__Instructions to follow__. Reproduce exactly the lines from the one containing "Рычаг подвески Land" through the last line of the records below, both included, and nothing else.

__Input for this task__.
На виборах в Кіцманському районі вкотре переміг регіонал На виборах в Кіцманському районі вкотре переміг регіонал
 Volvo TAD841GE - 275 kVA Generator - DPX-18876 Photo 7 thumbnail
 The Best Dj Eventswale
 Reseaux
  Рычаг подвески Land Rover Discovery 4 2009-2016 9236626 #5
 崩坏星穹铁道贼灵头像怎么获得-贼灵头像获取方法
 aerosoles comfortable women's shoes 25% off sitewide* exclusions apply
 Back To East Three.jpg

__Your solution__.
  Рычаг подвески Land Rover Discovery 4 2009-2016 9236626 #5
 崩坏星穹铁道贼灵头像怎么获得-贼灵头像获取方法
 aerosoles comfortable women's shoes 25% off sitewide* exclusions apply
 Back To East Three.jpg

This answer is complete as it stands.